Il est temps de s'atteler aux NDC
La mise en œuvre de l'accord de Paris doit se concentrer sur l'élaboration de nouvelles CDN en 2024 et début 2025, en tant qu'instrument essentiel pour ancrer les résultats du Bilan mondial (GST) et jeter les bases de l'action au cours de cette décennie décisive. L'élaboration des CDN se déroule dans des contextes nationaux et géopolitiques complexes. Bonn offre donc une occasion opportune de donner de l'élan et de susciter des attentes, notamment pour consolider et promouvoir une interprétation du résultat du GST qui place le monde sur une trajectoire de 1,5°C. Cette interprétation devrait aller au-delà d'une simple analyse « descendante », impliquer activement les décideurs politiques et favoriser la confiance entre les parties. Elle devrait permettre une compréhension commune des implications des accords conclus lors de la COP 28 et de la manière dont ils se traduisent maintenant par une action au niveau national pour assurer leur mise en œuvre. Cette approche est cruciale pour garantir la mise en œuvre effective de l'Accord de Paris et nécessite un travail à la fois sur l'élaboration des CDN et sur le renforcement de la coopération internationale. Cette traduction du GST dans les CDN sera l’un des éléments clés des discussions à Bonn. Cela prendra diverses formes, notamment des ateliers pour partager les connaissances et les bonnes pratiques pour la préparation et la mise en œuvre des CDN, des événements spéciaux, et une grande partie des discussions générées par les événements parallèles et les discussions de couloir dirigées par les non-Parties. Le Dialogue annuel sur le Bilan mondial (6-7 juin) contribuera également à cet ordre du jour, en plus de fournir des perspectives sur les leçons tirées du premier GST et d'identifier les domaines permettant de renforcer le processus pour le 2e GST.

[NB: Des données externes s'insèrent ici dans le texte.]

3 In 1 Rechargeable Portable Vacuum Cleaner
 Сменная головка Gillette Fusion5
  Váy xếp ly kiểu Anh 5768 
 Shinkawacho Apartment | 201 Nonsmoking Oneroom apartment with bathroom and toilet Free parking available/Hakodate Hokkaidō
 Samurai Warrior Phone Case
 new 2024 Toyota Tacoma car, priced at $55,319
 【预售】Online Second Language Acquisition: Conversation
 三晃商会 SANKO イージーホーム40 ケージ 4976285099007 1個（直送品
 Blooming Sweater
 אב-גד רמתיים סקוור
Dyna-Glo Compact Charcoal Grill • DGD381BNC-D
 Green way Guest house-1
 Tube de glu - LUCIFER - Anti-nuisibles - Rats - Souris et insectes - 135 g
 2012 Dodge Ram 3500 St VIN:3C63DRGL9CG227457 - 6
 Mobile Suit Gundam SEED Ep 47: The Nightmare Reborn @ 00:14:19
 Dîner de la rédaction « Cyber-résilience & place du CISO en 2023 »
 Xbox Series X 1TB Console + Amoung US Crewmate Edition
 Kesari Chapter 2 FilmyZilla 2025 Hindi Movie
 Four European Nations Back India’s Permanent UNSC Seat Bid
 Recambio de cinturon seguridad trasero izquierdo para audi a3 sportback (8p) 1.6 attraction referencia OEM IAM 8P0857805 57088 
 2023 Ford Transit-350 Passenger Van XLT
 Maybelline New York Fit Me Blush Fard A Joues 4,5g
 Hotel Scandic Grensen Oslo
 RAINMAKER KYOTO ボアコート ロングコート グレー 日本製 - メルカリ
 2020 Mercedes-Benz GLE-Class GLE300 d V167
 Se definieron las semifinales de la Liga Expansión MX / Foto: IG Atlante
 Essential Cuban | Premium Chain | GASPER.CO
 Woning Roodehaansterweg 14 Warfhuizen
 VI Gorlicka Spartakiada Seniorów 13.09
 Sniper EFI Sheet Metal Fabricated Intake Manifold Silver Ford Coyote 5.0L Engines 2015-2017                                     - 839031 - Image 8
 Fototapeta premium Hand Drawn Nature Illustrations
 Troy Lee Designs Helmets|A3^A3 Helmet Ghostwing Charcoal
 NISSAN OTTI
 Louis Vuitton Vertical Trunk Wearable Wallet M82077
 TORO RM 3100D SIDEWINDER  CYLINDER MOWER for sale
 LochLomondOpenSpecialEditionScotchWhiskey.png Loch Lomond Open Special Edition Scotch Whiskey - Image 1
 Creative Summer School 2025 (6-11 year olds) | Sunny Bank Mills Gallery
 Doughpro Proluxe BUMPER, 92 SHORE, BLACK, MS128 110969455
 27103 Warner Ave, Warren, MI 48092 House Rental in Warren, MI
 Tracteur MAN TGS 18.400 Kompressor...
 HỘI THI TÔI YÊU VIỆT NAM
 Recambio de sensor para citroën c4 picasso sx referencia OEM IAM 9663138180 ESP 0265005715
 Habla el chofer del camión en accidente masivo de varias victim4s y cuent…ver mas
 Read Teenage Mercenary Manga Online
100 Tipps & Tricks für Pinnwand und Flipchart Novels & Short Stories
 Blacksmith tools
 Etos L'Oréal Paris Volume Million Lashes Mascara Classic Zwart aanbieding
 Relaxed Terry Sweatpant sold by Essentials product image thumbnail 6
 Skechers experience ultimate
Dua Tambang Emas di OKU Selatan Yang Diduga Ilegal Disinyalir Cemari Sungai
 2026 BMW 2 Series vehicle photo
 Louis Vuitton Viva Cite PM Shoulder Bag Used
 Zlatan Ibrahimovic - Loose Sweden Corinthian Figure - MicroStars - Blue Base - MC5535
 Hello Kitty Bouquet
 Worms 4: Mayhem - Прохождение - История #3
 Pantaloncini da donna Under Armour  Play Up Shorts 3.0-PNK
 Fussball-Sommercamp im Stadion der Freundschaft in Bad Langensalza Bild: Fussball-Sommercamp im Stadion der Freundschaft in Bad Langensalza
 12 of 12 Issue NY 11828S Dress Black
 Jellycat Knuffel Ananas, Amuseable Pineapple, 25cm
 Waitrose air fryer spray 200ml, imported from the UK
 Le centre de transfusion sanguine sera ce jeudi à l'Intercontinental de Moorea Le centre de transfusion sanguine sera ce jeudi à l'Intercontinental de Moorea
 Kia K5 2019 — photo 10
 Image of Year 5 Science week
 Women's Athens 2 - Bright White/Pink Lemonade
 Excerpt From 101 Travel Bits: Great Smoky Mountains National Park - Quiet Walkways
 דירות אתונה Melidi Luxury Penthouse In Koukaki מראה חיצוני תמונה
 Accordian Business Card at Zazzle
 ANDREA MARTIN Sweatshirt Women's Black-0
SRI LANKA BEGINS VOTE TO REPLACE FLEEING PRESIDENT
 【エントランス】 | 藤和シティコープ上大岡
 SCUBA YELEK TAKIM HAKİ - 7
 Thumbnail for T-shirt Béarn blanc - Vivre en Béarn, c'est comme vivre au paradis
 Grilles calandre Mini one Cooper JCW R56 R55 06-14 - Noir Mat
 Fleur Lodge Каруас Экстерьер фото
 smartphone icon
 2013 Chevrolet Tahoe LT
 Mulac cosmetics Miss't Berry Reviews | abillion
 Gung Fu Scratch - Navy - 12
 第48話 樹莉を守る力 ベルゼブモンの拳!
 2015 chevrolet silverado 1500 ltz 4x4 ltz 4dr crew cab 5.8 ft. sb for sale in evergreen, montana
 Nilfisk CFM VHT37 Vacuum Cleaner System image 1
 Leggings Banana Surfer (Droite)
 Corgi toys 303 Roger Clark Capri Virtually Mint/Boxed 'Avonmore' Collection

D'autres processus de la Convention des Nations unies sur le climat (CCNUCC) sont en place pour guider les pays dans le suivi et la mise en œuvre des résultats du premier GST et d'autres décisions de la COP 28 concernent l'adaptation, les pertes et dommages, l'atténuation, le financement et la transition juste. Le Dialogue mondial du Programme de travail sur l'atténuation (MWP en anglais) a organisé un événement sur les obstacles structurels à l'investissement dans l'atténuation au tout début de la semaine de coordination intragroupe (27-29 mai). En ce qui concerne l'adaptation, Bonn devrait parvenir à un accord sur les modalités du programme de travail EAU-Belém sur les indicateurs permettant de mesurer les progrès accomplis dans la réalisation des objectifs d'adaptation. Le programme de travail sur la transition juste (JTWP en anglais) commencera son travail effectif en convenant des activités à mener avant la COP 29 pour soutenir l'incorporation des transitions justes dans les CDN, les plans nationaux d'adaptation et les stratégies de long terme. L'initiative "Roadmap to Mission 1.5°C"1 de la troïka des présidences de la COP, mandatée lors de la COP 28 pour être achevée d'ici la COP 30, devrait être l'un des principaux processus permettant de discuter de l'élaboration des CDN et de la coopération internationale dans la perspective de la COP 30. Vraisemblablement, Bonn créera l'espace nécessaire pour façonner sa conception, même si c'est en grande partie de manière informelle, en dehors de l’agenda des négociations. Enfin, le Secrétariat de la CCNUCC et les acteurs non étatiques présenteront de nouvelles orientations sur les CDN, y compris une plateforme développée conjointement avec le Partenariat NDC pour centraliser les outils, les pratiques et les communautés disponibles pour soutenir l'élaboration des CDN conformément aux objectifs de l'Accord de Paris. Dans ce contexte, un guide sur la façon d'aligner les CDN et les stratégies de long terme avec l’objectif 1,5°C, développé par le réseau DDP hébergé par l'Iddri en collaboration avec la 2050 Pathways Platform, sera lancé.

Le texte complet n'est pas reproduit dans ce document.